An alternate picture of viewing parallel connected components in this case (2 resistors) is to picture each of the resistors connect [individually] directly across the terminals of the voltage source. When you think of it this way, its roughly like a series circuit; hence the voltage drop across a single resistor is equal to that of the voltage source. Taking this thinking further, its obvious that the p.d across both resistors would be equal, however the current would not be [given unequal resistances].

5. Jul 5, 2007

### truewt

@ranger: That could be a way, but is there a better explanation for the potential differences being equal?

I'm trying to find the best argument for this concept. I can hardly remember what my teacher explained (or did he?) a few years back.

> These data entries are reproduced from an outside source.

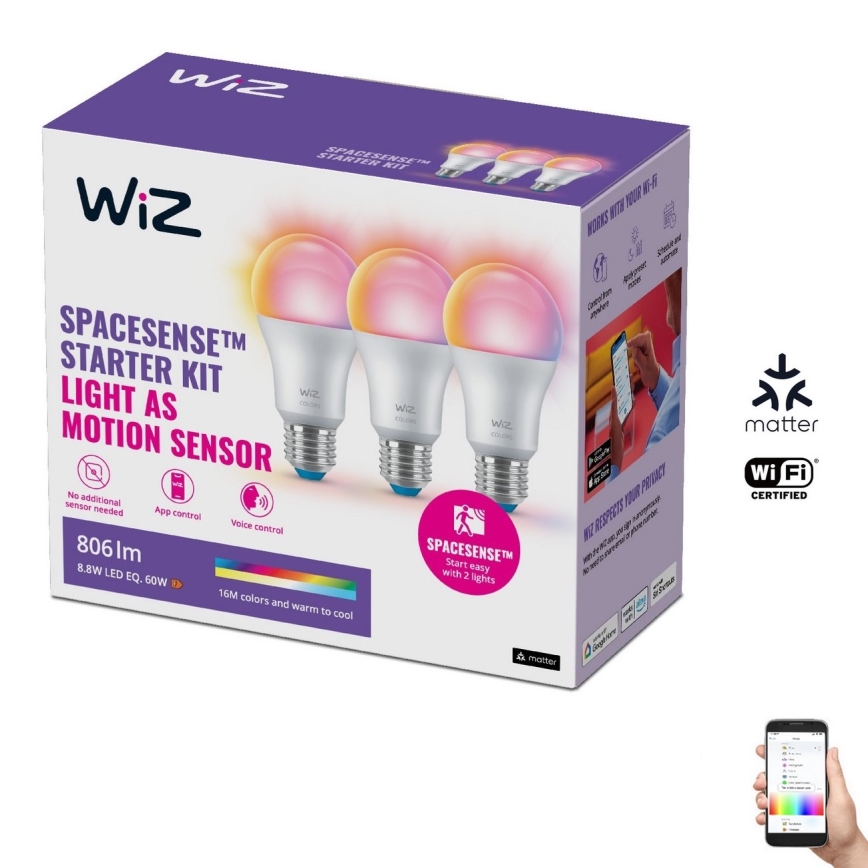 НАБОР 3x Светодиодная RGBW-лампочка с регулированием яркости A60 E27/8,8W/230V 2200-6500K Wi-Fi - WiZ
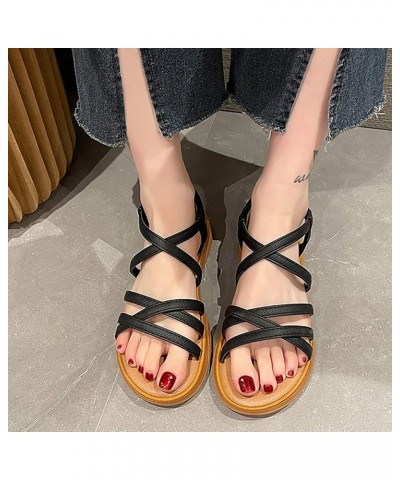 Women'S Flat Sandals Summer Round Toe Open Toe Comfortable With Sleeve Women'S Roman Leather Flip Flop Sandals Black $22.78 S...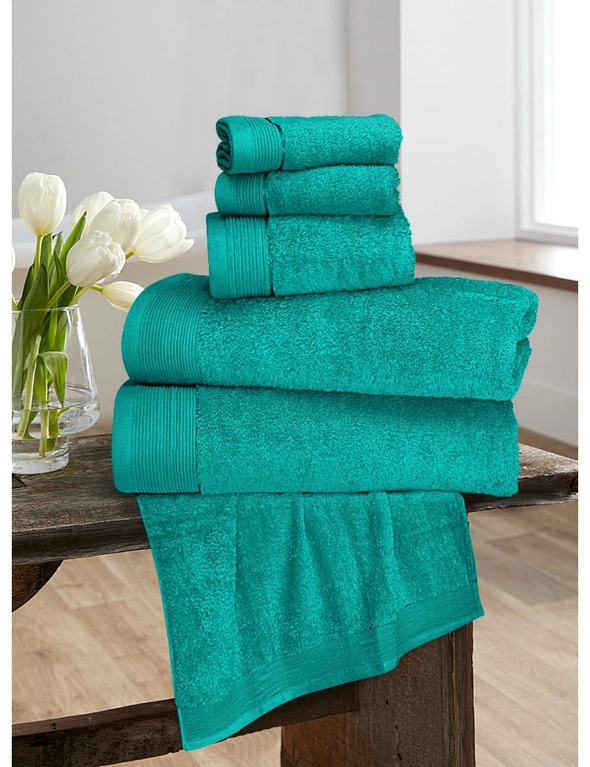 6 Pieces Pure Egyptian 600 GSM Cotton Towel Set (2 x Bath Towels / 2 x Hand Towels / 2 x Face Towels), hi-res image number null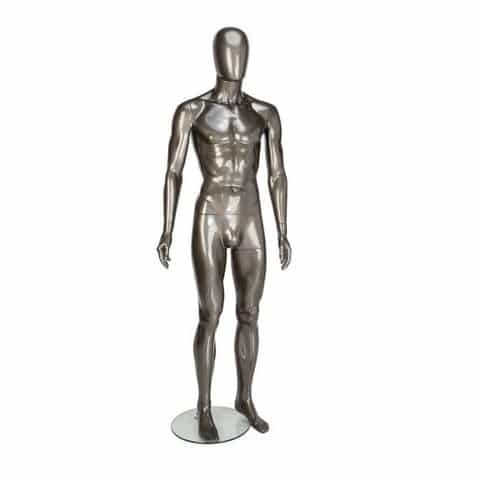 GEM341 Male Mannequin – Egg Head – Matt Grey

Basically what I'm saying is why are the charges in the circuit so smart as to be able to dissipate the same amount of energy?

Let's take another example. 3 resistors are in a circuit. 2 are in parallel, and the last resistor is in series with the 2 parallel resistors. Why are the charges (which split up into seperate branches in the parallel component) able to 'use up' the same amount of energy (ie the pd drop) and then join back into the main branch at the same potential?

6. Jul 5, 2007

### ranger

V = W/q; where W is work (joules) and q is unit of charge [moved]. As you know the amount of charge will vary depending on the resistance in the circuit. Now if we have a 10V source, so thats 10 joules of work per coulomb of charge. If we have 3 coulomb of charge flowing in one branch:
V = 30J/3q = 10J/C = 10V
[C = coulomb which is the unit of charge; J/C = V]
If in that very same circuit, on a different branch we have 7 units of charge. This will give an electric potential of:
V = W/q = 70J/7q = 10J/C = 10V.

Makes sense?

7. Jul 5, 2007

### youknowme

Hmm, I have wondered about this too and I thought of an explanation that might work. Think about this, the electrons in the main branch tries to move forward and when it comes to the split point, the electrons in the wire will exert an equal force to the electrons in each parallel circuit. So the potential difference for each circuit is the same.

8. Jul 5, 2007

### truewt

Why is it so that the ratio between the work done by the charges and the amount of charges (ie the pd) always the same in the branches of the parallel component?

9. Jul 5, 2007

### Staff: Mentor

First of all, remember that real wires have some small but finite resistance. So depending on how you connect up the parallel components, they may see slightly different voltages across them depending on how much voltage drop there is in the interconnections. This is what you should use to answer your original question -- ask yourself what the resistance of the interconnections is, compared to the resistance of the components that are connected in parallel. If you use 30AWG (tiny) wire to wire up a bunch of 1 Ohm power resistors "in parallel", with 100cm space between each resistor, and the first resistor adjacent to the power supply, then you will not measure the full power supply voltage 9m away at the end resistor....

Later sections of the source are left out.